The Winnipeg Jets are to a phenomenal start in 2024-25, jumping out of the gates with a 9-1 record and looking like one of the National Hockey League's premier teams in the process. The Jets began the year with eight straight victories, and dating back to the end of the 2023-24 campaign have now won 16 of their last 17 regular-season games.
It's been an incredible run of regular-season success for the Manitoba-based franchise, and the team is getting contributions from all over the lineup. Kyle Connor is on an otherworldly tear, recording nine goals and 17 points over a season-opening 10-game point streak. And Winnipeg boasts another four players who are playing at a point-per-game pace or above — and two of them are defensemen.
Both Mark Scheifele and Nikolaj Ehlers have been excellent, with 13 and 11 points, respectively, while the squad is getting a ton of offense from the back end. Josh Morrissey continues to shine, with 11 points in 10 games, while Neal Pionk has come out of nowhere with 12 points of his own.
Along with standout play from reigning Vezina Trophy winner Connor Hellebuyck between the pipes, the Jets are looking like an absolute wagon that won't be slowing down anytime soon. It's hard to imagine this team has a fatal flaw in 2024-25, but there is one place that general manager Kevin Cheveldayoff could look to improve on ahead of the Stanley Cup Playoffs next spring.
Jets are off to a near perfect start in 2024-25

The Jets have suffocated opponents with a combination of high-flying offense, strong, team-centric defensive play and excellent goaltending. They've scored a ridiculous 4.70 goals per game, which is far and away the best in the National Hockey League. And they're giving up just 2.40 goals per game — good for fourth in the league.
The Jets also boast the league's best powerplay, which is clicking at an automatic 44.8 percent. Add the fourth best save percentage, and it makes sense that Winnipeg is first place — both in league standings and the latest edition of ClutchPoints' NHL Power Rankings.
Everything is clicking in the early going for the Jets, who are coming off one of the best regular seasons in franchise history. The 2023-24 iteration of this club won 52 games and finished just four points back of the President's Trophy winning New York Rangers.
No one in Manitoba will have anything to complain about after this scorching start. That's especially true after last year's amazing regular season. But the Jets haven't been out of the first round since 2020-21, and this core is desperate to make another deep run.

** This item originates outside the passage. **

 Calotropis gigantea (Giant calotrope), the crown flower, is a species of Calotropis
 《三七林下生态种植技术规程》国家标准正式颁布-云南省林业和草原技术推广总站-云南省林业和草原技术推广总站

Despite regular-season excellence, Jets can't find success in playoffs
After making a thrilling run to the Western Conference Final in 2017-18 — and losing to the Vegas Golden Knights in five games — the Jets have won just a single playoff series. They were defeated by the Colorado Avalanche in Round 1 in five games last year, and lost to the eventual champion Golden Knights in the same amount of games in Round 1 of 2023.

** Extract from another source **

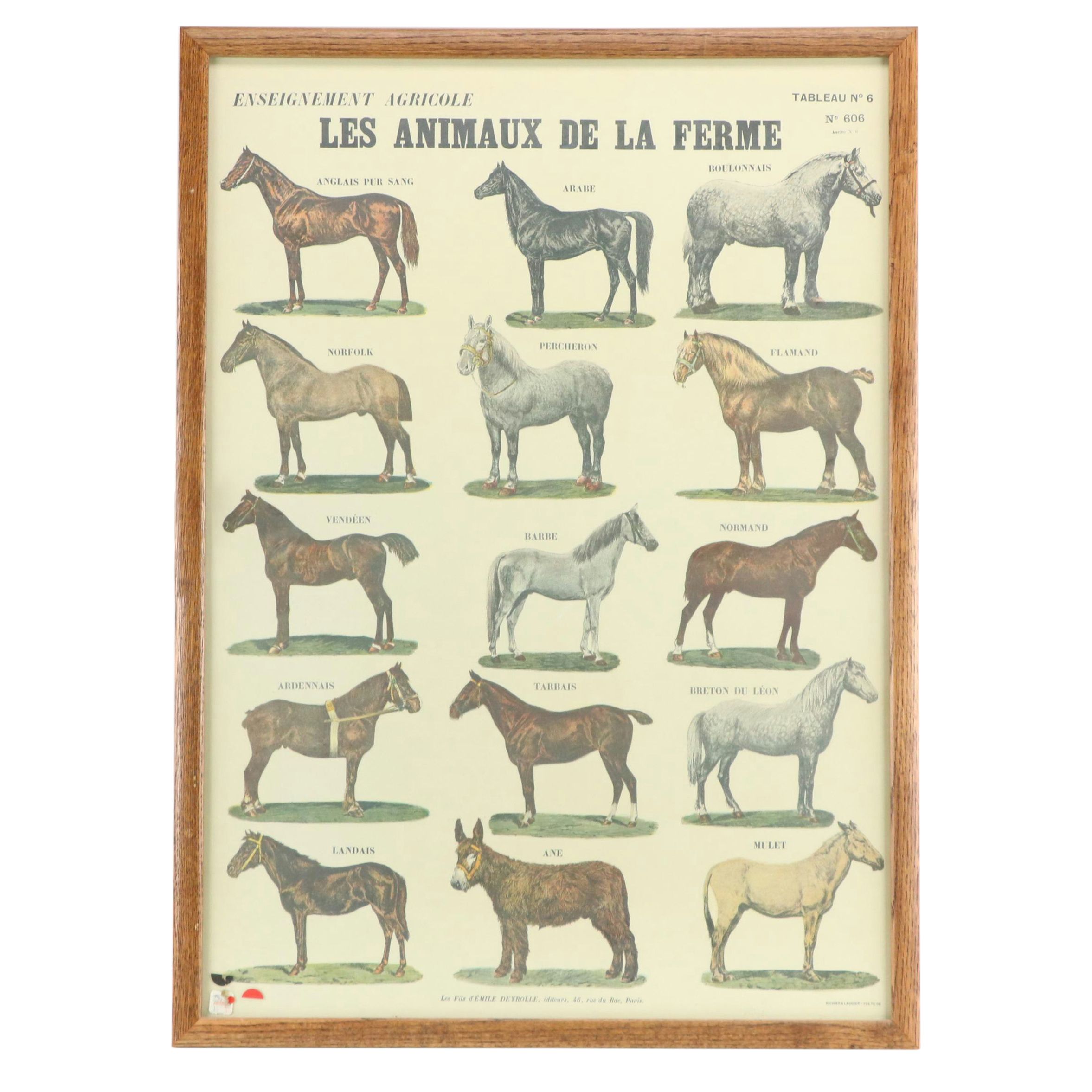Emile Deyrolle "Les Animaux De La Ferme - Les Chevaux" Lithograph Poster, 1945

The regular-season success is obviously encouraging, but this roster needs to find a way to string together some wins in the playoffs. And Sportsnet hockey insider Elliotte Friedman provided an interesting perspective as to why that hasn't been happening in his latest 32 Thoughts column.
“Whenever Winnipeg thinks it has a chance, it adds. Watching the Jets' blazing 9-1 start, the one thing that stands out is the size of their defence. You have to be mobile, you have to be skilled, but you have to be big. The recent Stanley Cup champions had that in common: a long, agile, aggressive defence that always seemed to have a body, a stick, an arm or a leg in your way,” Friedman wrote on Wednesday night.
“A thicket for opposition to navigate. NHL heights and weights can be deceiving, but the Jets’ sizes — minus Dylan Samberg, Logan Stanley and Haydn Fleury — are the smallest since the 2018 Washington Capitals. That doesn’t mean you can’t win, but it certainly flies in the face of what’s recently worked.”
And there is the Jets' main flaw in 2024-25: an undersized blue line.
Jets' fatal flaw is an undersized D-core
Although the Jets' defensive unit has been excellent so far, it is true that it is a small and mobile unit. And most of the teams that have won Stanley Cups over the last couple of years have been big, strong and relentless. Friedman makes an interesting point, and it checks out considering the lack of playoff success the Jets have had in recent years.
Winnipeg's entire first two pairs — Morrissey, Pionk, Dylan DeMelo, Colin Miller — are not overly big guys, and GM Cheveldayoff could look to make a trade to upgrade the team's size. With Friedman already speculating that the front office could make a move to help complement a roster that is on fire, it adds more fuel to the fire that a trade could be coming.
Currently, the Jets have just under $2 million in cap space to work with, per Puck Pedia, and they also have significant draft capital to potentially dangle in a trade. Cheveldayoff should probably be going all in considering how well the roster is performing as currently constructed, especially considering the core isn't getting any younger.
The Jets are probably only going to get a couple more good playoff runs with Scheifele, Connor, Morrissey and Hellebuyck in their primes, and they can't afford to keep crashing out in the first round.
To rectify that, Cheveldayoff should be looking to add another big but mobile defenseman to the blue line. That's starting to look like the standard in Stanley Cup winning teams, and the Jets certainly have the talent to make another deep run.
It'll be intriguing to see if the Jets make any moves to address their fatal flaw, and whether another regular-season powerhouse can avoid another devastating early playoff exit.